Workshop and walk on the occasion of the Day of Architecture with Jenny Krüger, Susanne Lüttich and Diana Lucas-Drogan
The cityscape of Neubrandenburg is characterized by ambiguity: Brick Gothic and Eastern Modernism collide with each other and create cracks in the acceptance and living qualities within the city.
In this dynamic, we want to use the method of walking and reading together to explore the built environment as a living and vibrant archive. Reading original planning documents and photos of the urban upheavals enables us to try out a shared dialog, to engage with the planning ideologies as material. Together with planners, contemporary witnesses and guests, we decode the ideologies, concepts and references of the planning culture of the last two development areas in Neubrandenburg in the GDR by walking through the sites and in connection with planning material. The 1980s were characterized by the first sensitive adaptations and also great resistance to the planning practices. In the Rostocker Viertel, we want to explore the conflict, the courage and also the sensitivities of planning.

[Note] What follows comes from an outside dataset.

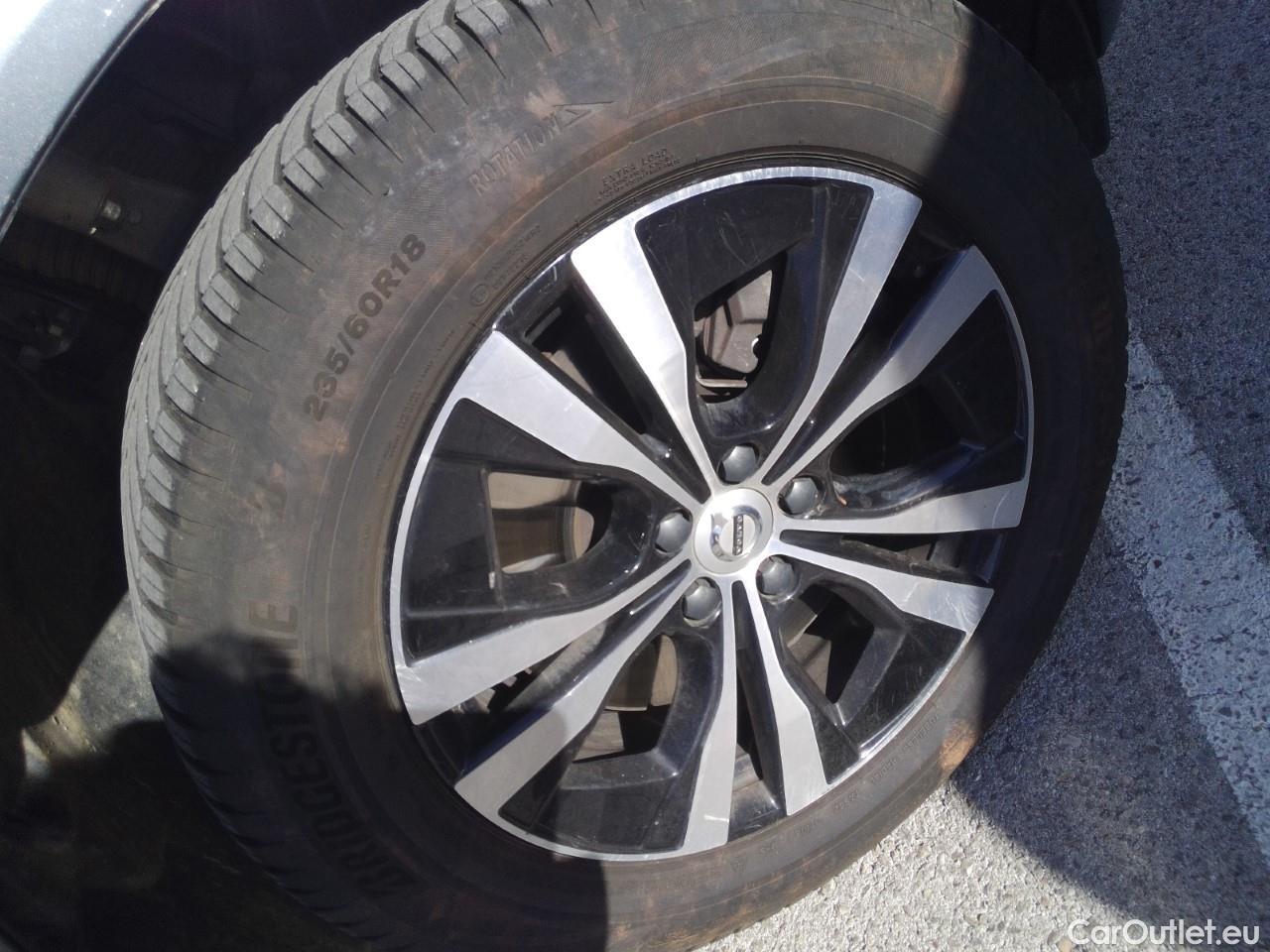  Volvo  XC60 VOLVO  / 2017 / 5P / todoterreno 2.0 B5 D AWD Momentum Pro Auto #35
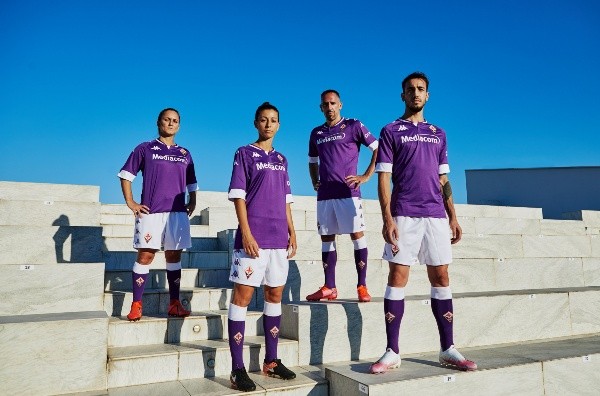 La nueva camiseta de Fiorentina y Erick Pulgar.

The infrastructural intervention caused by the relocation of the road necessitated radical plans between demolition and the construction of high-rise towers on Lake Tollensesee and at the same time led to resistance from residents. In the hope of having learned from the previous restructuring of the city, resistance from the population grew. Politically, however, the planning department around Iris Dullin-Grund stuck to the dogmas. The second walk is dedicated to this ambivalence of the time.
The basis of the shared reading is the insight into planning documents and photos, which are brought into the walk as material with contemporary witnesses.